Combine all of the dry ingredients of the breading into a bowl, EXCEPT for the vegan milk. Place that in a separate container.
When Brussels sprouts are finished boiling, allow them to cool off completely, then gently core out the center being sure to keep the exterior portion of the sprouts intact. You only have to core out 1/4 of the way down so that the sprouts do not fall apart.
Dunk each sprout into vegan milk, and then roll them around in breading, coat well.
Begin lining up breaded sprouts onto the baking pan. Each sprout should be nestled in next to one another so they don’t fall over.
Pour in enough balsamic vinaigrette into the cored out space of each Brussels sprout. It’s okay if some spills out, it will caramelize at the bottom upon baking.

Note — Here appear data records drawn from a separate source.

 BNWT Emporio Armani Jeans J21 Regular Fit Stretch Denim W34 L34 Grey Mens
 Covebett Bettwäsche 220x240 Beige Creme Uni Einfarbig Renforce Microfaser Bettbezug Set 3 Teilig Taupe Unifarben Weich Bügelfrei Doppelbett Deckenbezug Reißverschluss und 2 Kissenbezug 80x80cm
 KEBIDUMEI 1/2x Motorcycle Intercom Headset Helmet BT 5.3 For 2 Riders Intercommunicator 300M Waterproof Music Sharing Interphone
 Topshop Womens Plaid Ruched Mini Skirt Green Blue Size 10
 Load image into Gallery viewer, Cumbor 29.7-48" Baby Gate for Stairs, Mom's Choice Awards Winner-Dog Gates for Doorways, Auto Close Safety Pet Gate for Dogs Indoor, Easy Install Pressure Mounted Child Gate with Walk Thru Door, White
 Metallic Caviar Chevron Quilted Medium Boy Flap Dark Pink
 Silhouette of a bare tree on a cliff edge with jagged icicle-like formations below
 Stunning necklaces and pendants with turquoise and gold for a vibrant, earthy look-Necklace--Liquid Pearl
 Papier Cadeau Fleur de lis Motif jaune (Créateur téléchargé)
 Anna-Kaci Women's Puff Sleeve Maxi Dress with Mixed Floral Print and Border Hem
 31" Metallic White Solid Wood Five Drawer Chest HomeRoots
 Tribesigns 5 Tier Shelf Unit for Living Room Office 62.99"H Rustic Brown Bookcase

Pour in liquid mozzarella, or stuff in vegan cheese of your choice. Then sprinkle, oregano, basil, parsley, black pepper, salt and crush red pepper over the top.
Bake for 20 minutes, and check often to be sure the sprouts aren’t burning. Remove pan from oven, and let cool! Be careful! These little flavor blitz sprouts are going to be very hot on the inside.
You can cut them in half before eating or wait until they are completely cool to eat them whole. They will disintegrate in your mouth while exploding with flavor.